Now I think the same thing is going with programming. The code, or, in general, products, are generated faster than they can be adopted. (Not even read the code, because who cares, but adhered from the user perspective).
Let assume the following simple model.
X - amount of investment into IT startups.
Y - profit from the successful ones.
Z - startup's expenditures i.e. programmers income (for the sake of simplicity, let assume all money are spent for the product development).
n - total number of startups.
If one of ten startups are successful, then
ROI = ( .1 * n * Y - n * Z ) / X
Now, since programming costs dropped, so you can implement the same code 100 times faster, there will be 100 times more startups (n' = 100n). But, because of the market capacity stays the same, only .001 of them will be successful.

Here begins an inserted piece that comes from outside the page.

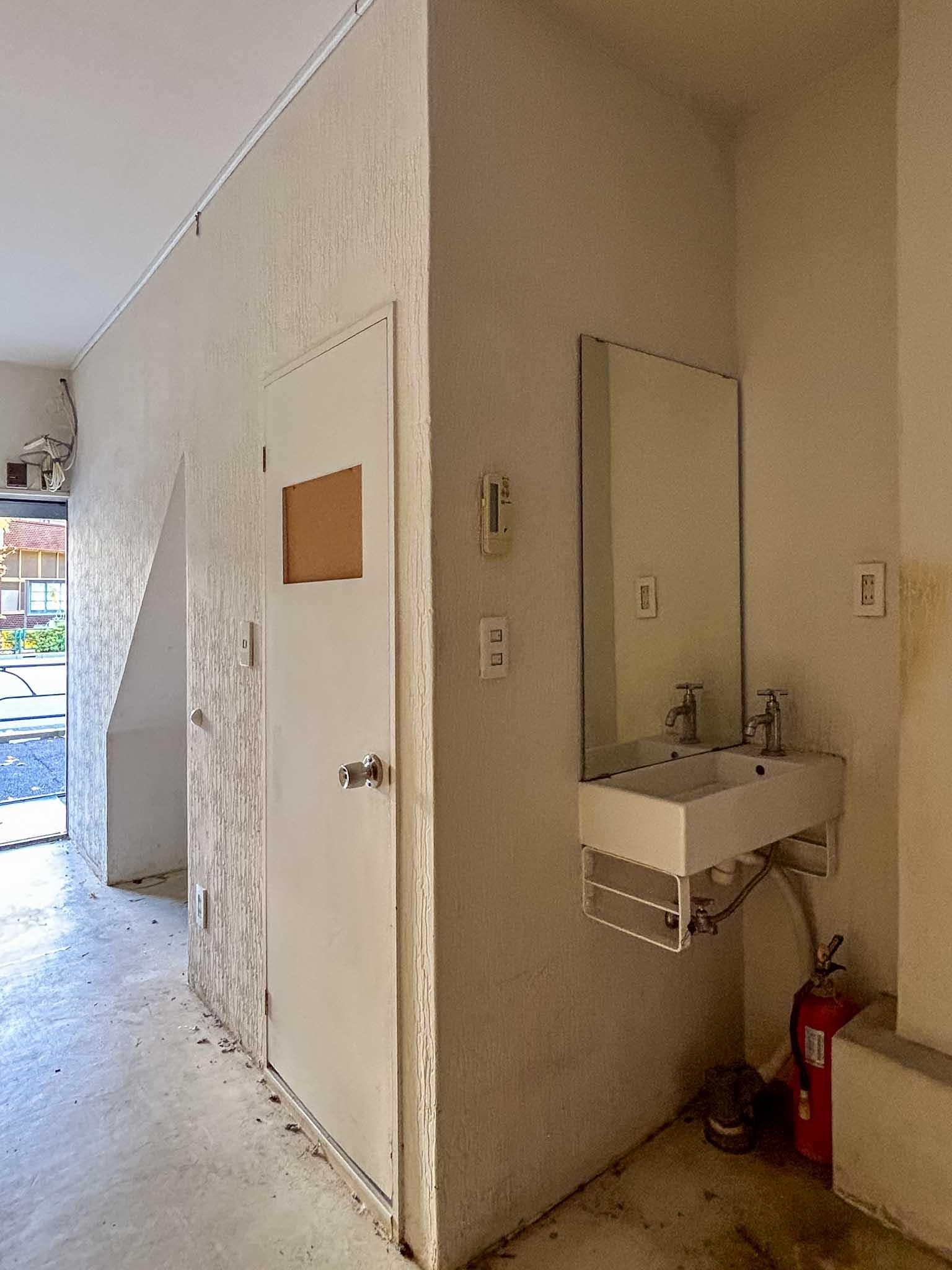 墨田区東向島の賃貸物件/1階：トイレと洗面台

ROI = ( .001 * n' * Y - n' * Z' ) / X
If investors want ROI to stay the same, then
Z' = .01 * Z
Programmers are cooked.
Some people think, and I used to think, that agentic coding simply brings efficiency, so you'll just make the same product and get the same value faster.
Like, let say, moving from Assembly to C or from C to Java doesn't diminish programmer's value, it just lowers the learning curve.

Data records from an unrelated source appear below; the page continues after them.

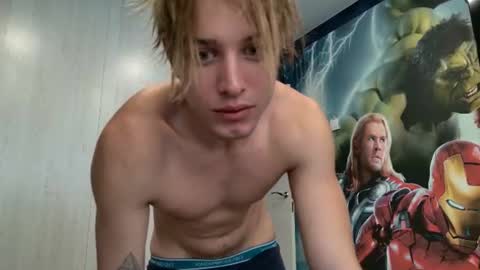 Snapshot of sashenkka chatting on June 2026 04:24:02 AM Sasha -- online show from June 2026 04:24:02 AM
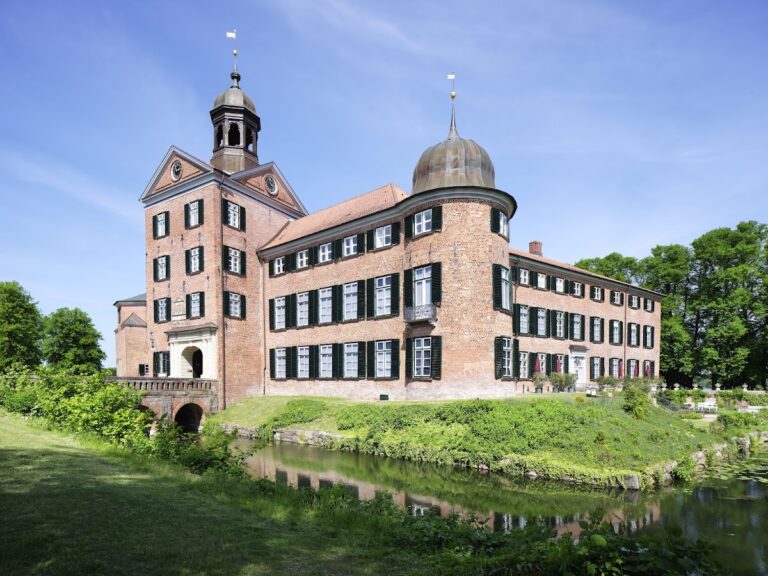 Eutin Castle: A Medieval Episcopal Residence and Ducal Court in Germany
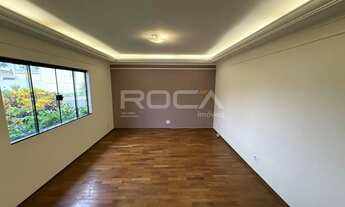 Imagem 5: Casa Padrão de 3 Dormitórios com Piscina e Churrasqueira no Parque Fehr, São Carlos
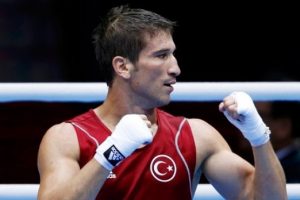 Adem yarı finali g&ouml;remedi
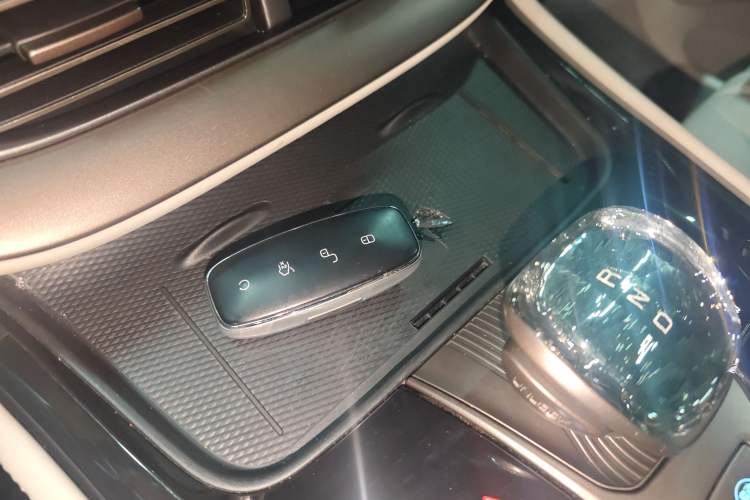 Used Denza D9 2022 DM-i 970 Four-Wheel Drive Prestige Model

But the difference of programming in 1967 and programming in 2017 and the difference of programming in 2017 and programming in 2027 are two different differences. Back in 1960s, programming was a bottleneck. Only the most critical and demanding areas could afford to have a programming solution. So, improving efficiency removed the bottleneck. Now it's not a bottleneck. 90% of the products already coded go to trash, because they are not needed by anyone, or users don't get to know about them. So, improving efficiency doesn't remove the bottleneck, it removes programmers.